ホオズキ売り・一袋四文(子どもの小遣い稼ぎ)
糊やのばあさん、障子張の糊を売って歩く。
石見銀山ネズミ取り 銀の採掘場から出る鉱毒がネズミ捕りに効果があった。
お釜おこし、オコシ菓子、雷興しのようなもの
会場には、知ってるお年寄りも居て、「アー」とか「ウー」とか、反応が大きかった。
成田先生がステージに内藤唐辛子のコスチュームで現れ、江戸東京野菜のクイズをやるという。
話の流れの中で、「今日は偶然、江戸東京野菜の専門家が来ています」と、偶然を強調していたが、ステージに上げられた。 ステージから見下ろすと、会場の後ろに補助席も作られ、大盛況だ。
上の写真をクリックすると出題されたクイズ。
伝統小松菜、手島ナス、立派な東京うども用意され、この解説をさせられた。
クイズは3問出されたが、会場の中ほどから常連のお客様だと思うが、「全部正解だったのに、何もくれないのか!」、と抗議があり、一瞬緊張が走ったが、
そこは馴れたもの「何か配って、何か配って」と上島さんの指示に、あわてて女優陣が客席を回り、手おあげる正解した人たちに、飴のようなものを配り始め、会場は大爆笑だった。
私もステージの上で大笑いをしてしまったが、これも浅草の大衆劇場・木馬亭ならではである。

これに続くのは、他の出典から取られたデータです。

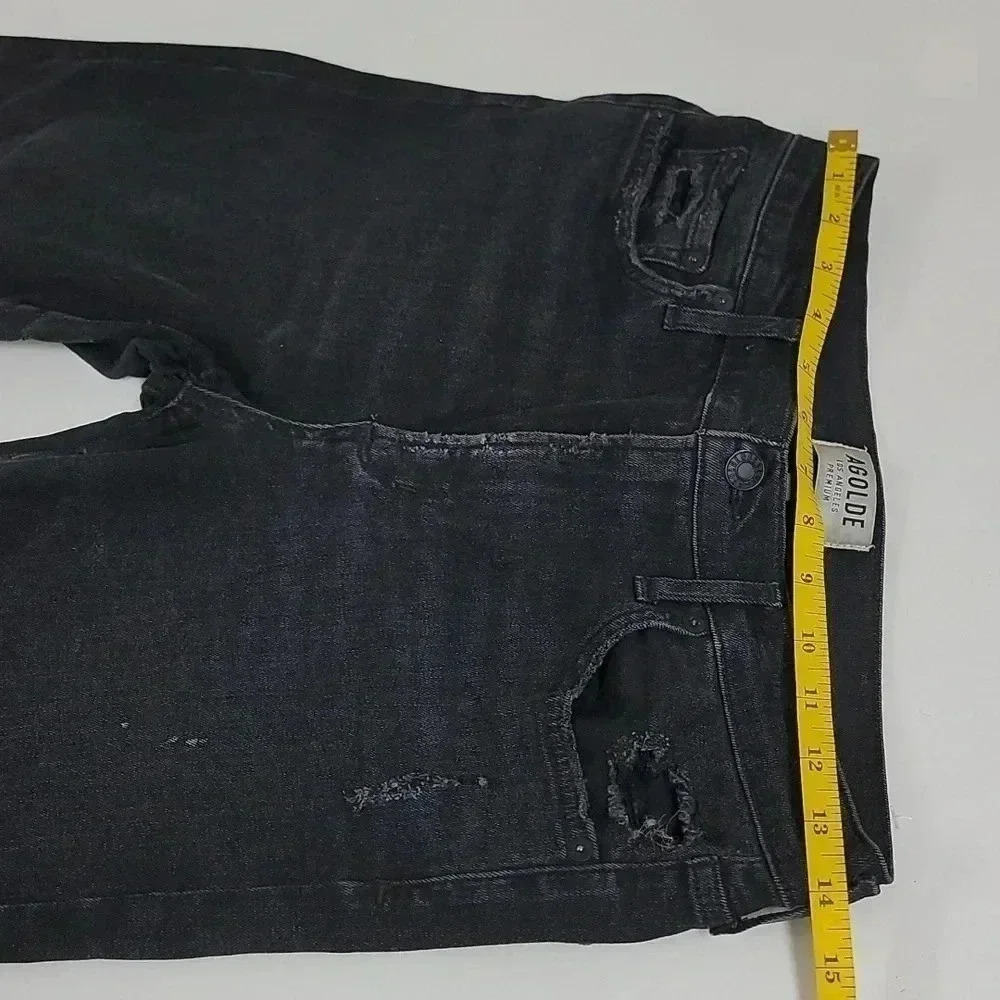 Agolde Sophie High Rise Skinny Crop Temple Washed Black Distressed Jeans REVOLVE - Picture 8 of 16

薬研掘りの七味(なないろ)唐辛子は、リーダーの上島敏昭さんの独壇場。
前振りで、新宿の内藤トウガラシプロジェクトの活動を紹介した。
まず最初に入れましょう、武州〜川越の名産は黒ゴマが入ります。黒ゴマは・・・
紀州〜有田の名産はみかんの皮の粉、漢方で用います陳皮、風邪の薬・・・
続いて入れます、江戸内藤〜新宿は八房の焼唐辛子。一つから八つの房を生じますところから八つ房、これを香ばしく焼き上げたのが名物、食欲増進、内臓強化・・・・
東海道は静岡朝倉の名産、「粉山椒」・・・。大和の国はケシの実・・・、野州 日光は・・・・
の名調子だが、ステージ上なので、いつものように、混ぜる手元が見えないのが残念だ・・・、この点は何か改善の余地がある。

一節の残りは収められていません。